Importance: Low cardiac output syndrome after cardiac surgery is associated with high morbidity and mortality in patients with impaired left ventricular function. Objective: To assess the ability of preoperative levosimendan to prevent postoperative low cardiac output syndrome. Design, Setting, and Participants: Randomized, double-blind, placebo-controlled trial conducted in 13 French cardiac surgical centers. Patients with a left ventricular ejection fraction less than or equal to 40% and scheduled for isolated or combined coronary artery bypass grafting with cardiopulmonary bypass were enrolled from June 2013 until May 2015 and followed during 6 months (last follow-up, November 30, 2015). Interventions: Patients were assigned to a 24-hour infusion of levosimendan 0.1 µg/kg/min (n = 167) or placebo (n = 168) initiated after anesthetic induction. Main Outcomes and Measures: Composite end point reflecting low cardiac output syndrome with need for a catecholamine infusion 48 hours after study drug initiation, need for a left ventricular mechanical assist device or failure to wean from it at 96 hours after study drug initiation when the device was inserted preoperatively, or need for renal replacement therapy at any time postoperatively. It was hypothesized that levosimendan would reduce the incidence of this composite end point by 15% in comparison with placebo.
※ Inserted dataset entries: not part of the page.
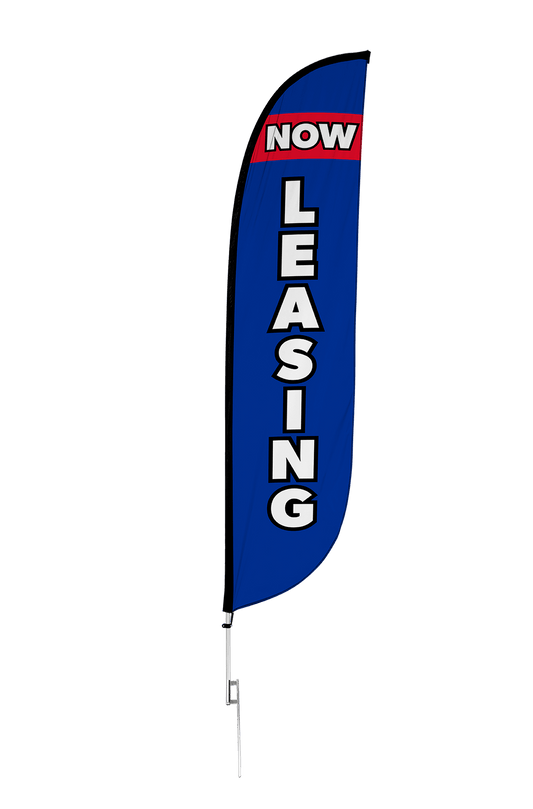 Now Leasing Feather Flag Blue & Red 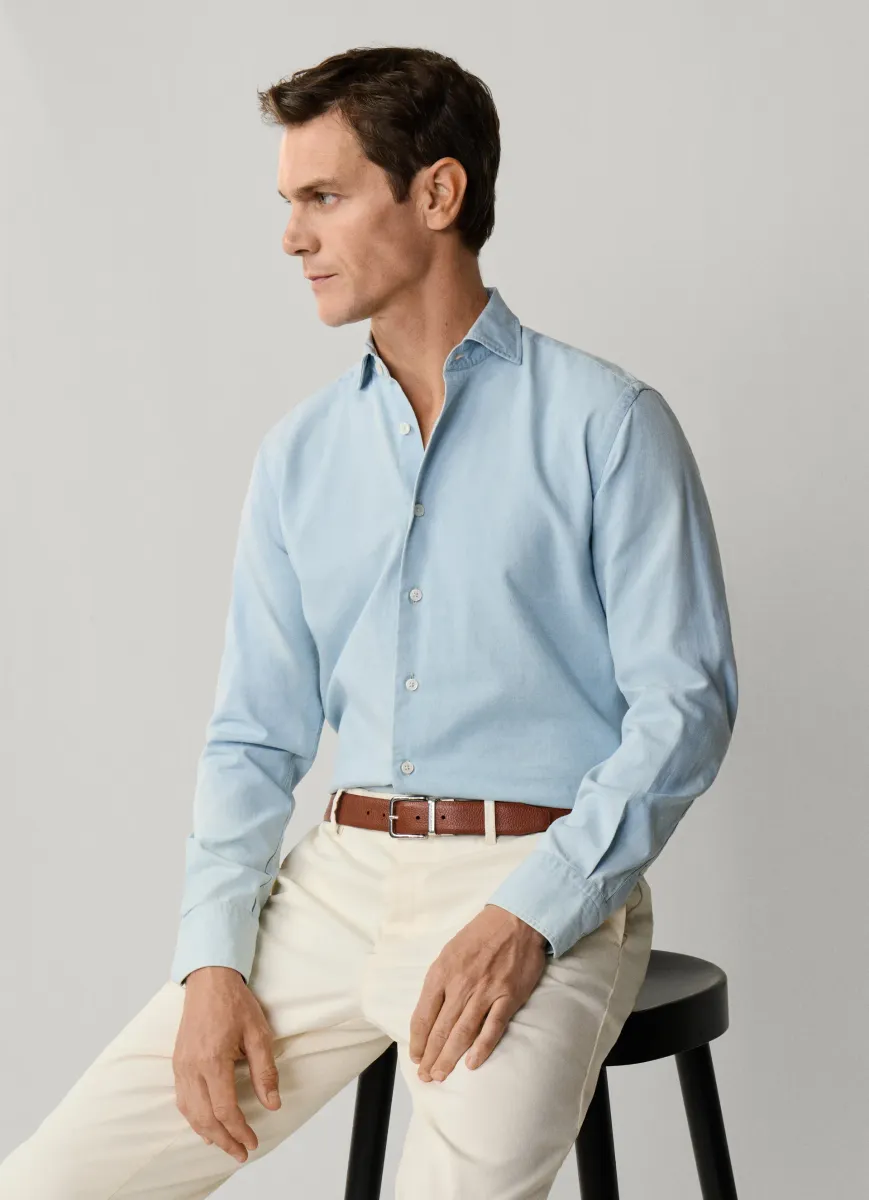 Tailored Fit Light Wasg Denim Shirt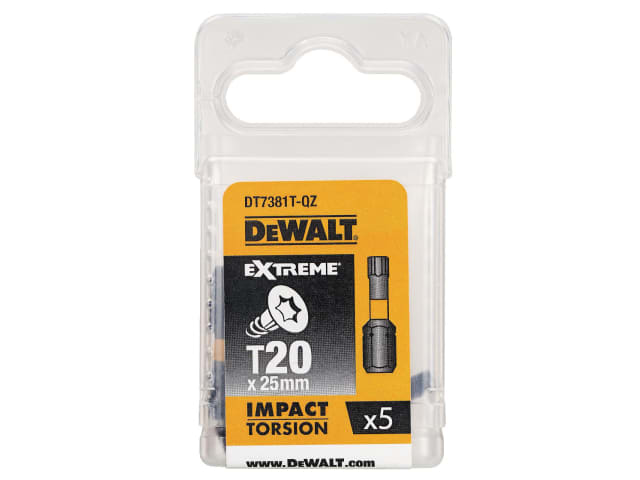 DEWDT7381TQZ Impact Torsion Bits TX20 x 25mm (Pack 5)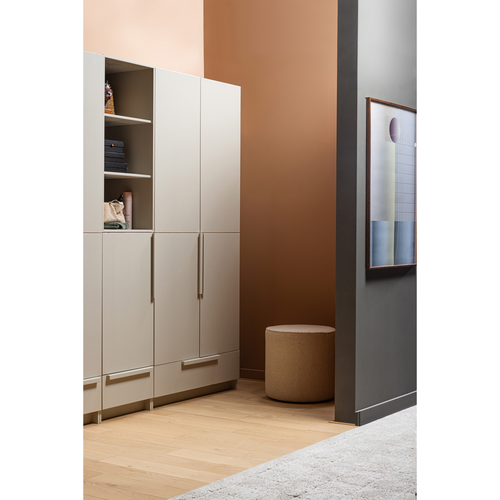 WOOOD poef hoog Sara - Boucle - Creme - 46x46x46 - vtwonen shop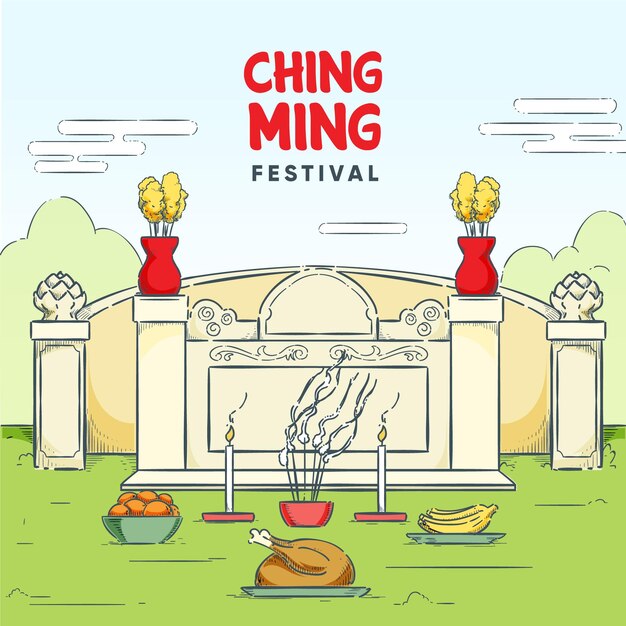 Hand drawn ching ming festival illustration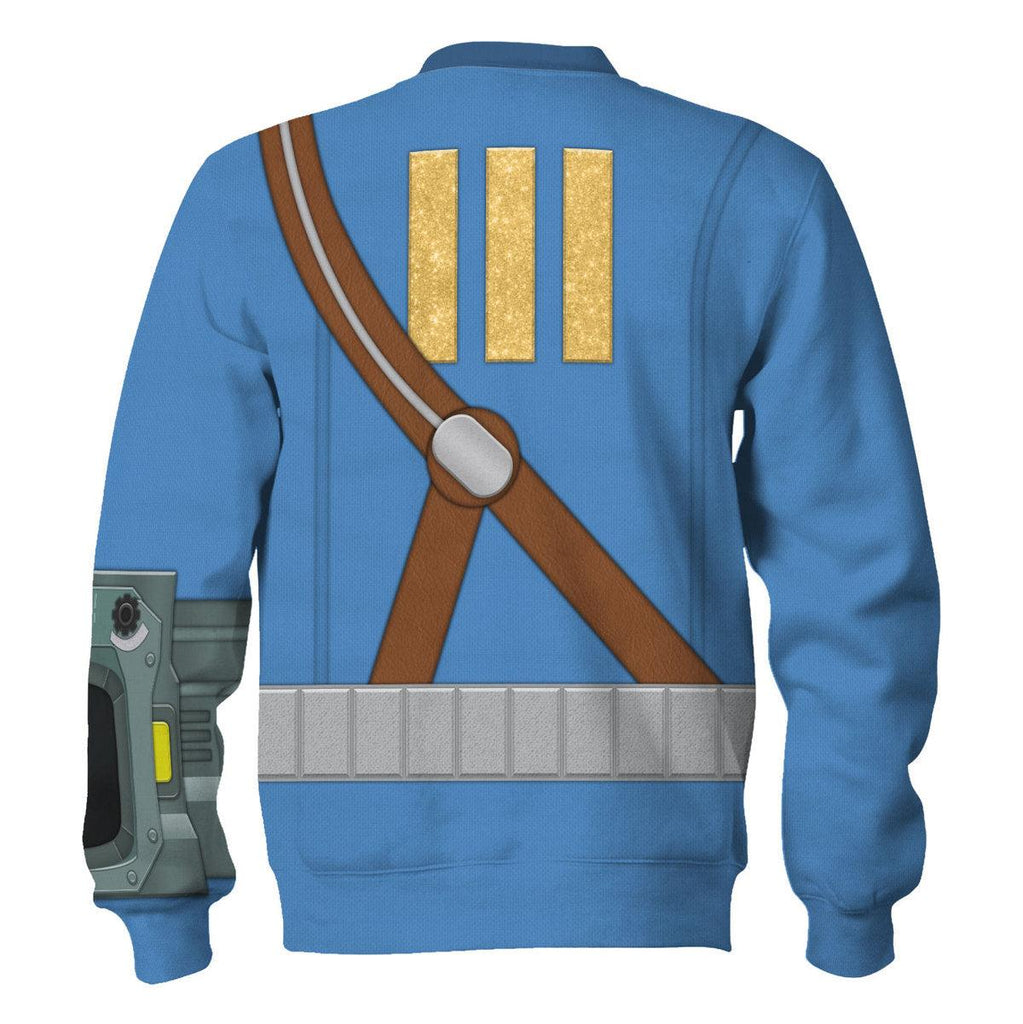 OodieGang Fallout 4 FO Nate Vault 111 Blue Uniform Hoodie Sweatshirt T-Shirt Tracksuit - OodieGang.com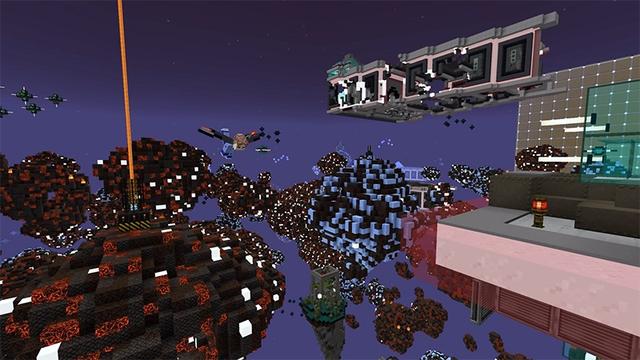 Screenshot of the Minecraft Bedrock Marketplace product Space Battles created by Lifeboat.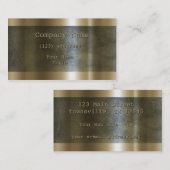 Modernes geätztes metallisches Gold Visitenkarte (Vorne/Hinten)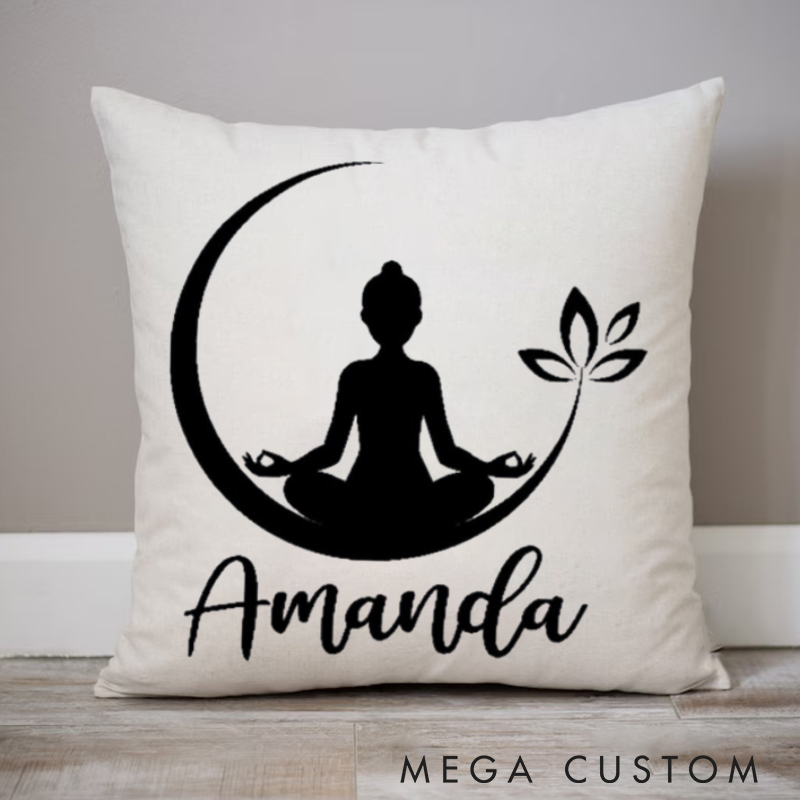 Personalized Meditation Silhouette Pillows Vitality Leaf Pillows Yoga Pillows Gift  Idea for Yoga Lover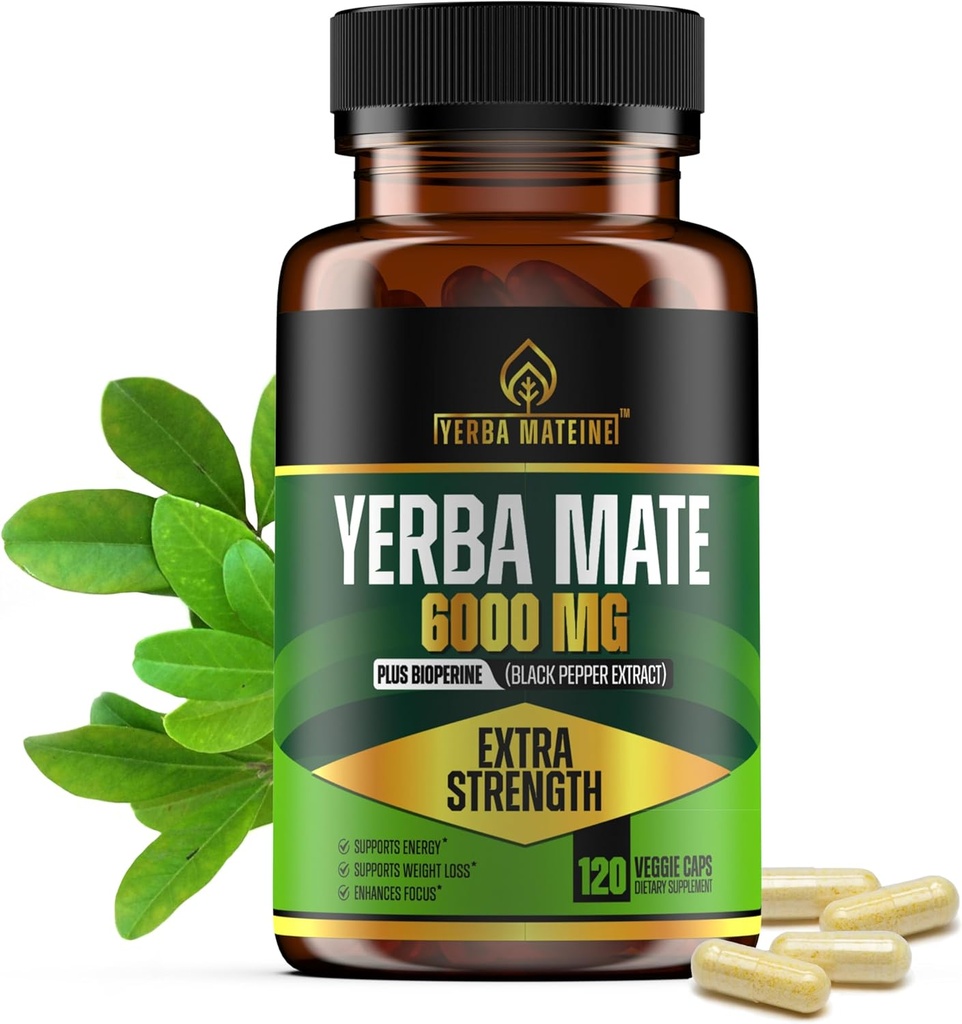 6000mg Extra Strength Yerba Mate High Potency, 60mg de caféine par gélule, Suppléments d'extraits pour l'énergie naturelle propre, meilleure concentration, nootropique, fabriqué aux États-Unis - 120 capsules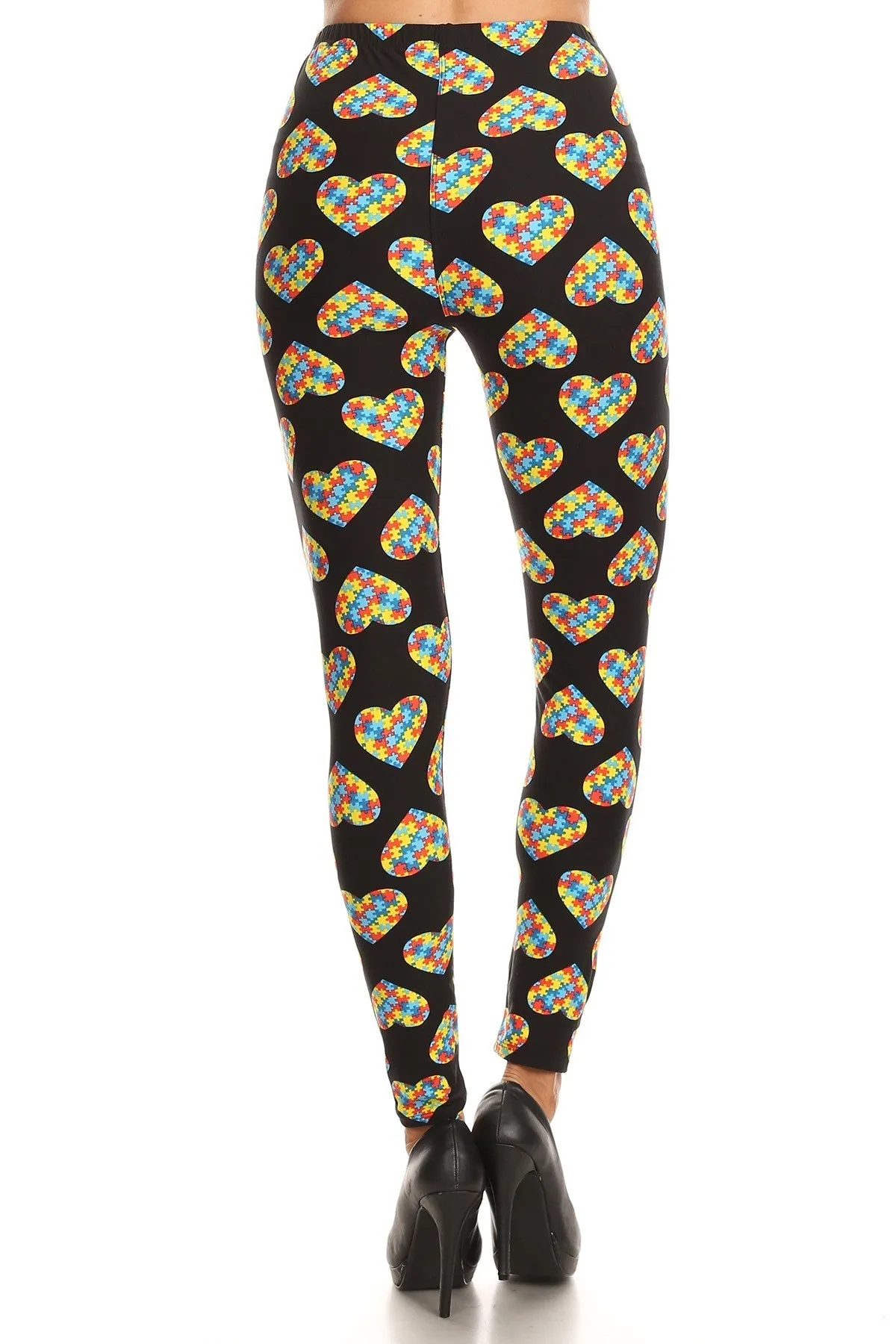 Women's Plus Heart Autism Jigsaw Puzzles Pattern Printed Leggings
Results: Among 336 randomized patients (mean age, 68 years; 16% women), 333 completed the trial. The primary end point occurred in 87 patients (52%) in the levosimendan group and 101 patients (61%) in the placebo group (absolute risk difference taking into account center effect, -7% [95% CI, -17% to 3%]; P = .15). Predefined subgroup analyses found no interaction with ejection fraction less than 30%, type of surgery, and preoperative use of β-blockers, intra-aortic balloon pump, or catecholamines. The prevalence of hypotension (57% vs 48%), atrial fibrillation (50% vs 40%), and other adverse events did not significantly differ between levosimendan and placebo. Conclusions and Relevance: Among patients with low ejection fraction who were undergoing coronary artery bypass grafting with cardiopulmonary bypass, levosimendan compared with placebo did not result in a significant difference in the composite end point of prolonged catecholamine infusion, use of left ventricular mechanical assist device, or renal replacement therapy. These findings do not support the use of levosimendan for this indication. Trial Registration: EudraCT Number: 2012-000232-25; clinicaltrials.gov Identifier: NCT02184819.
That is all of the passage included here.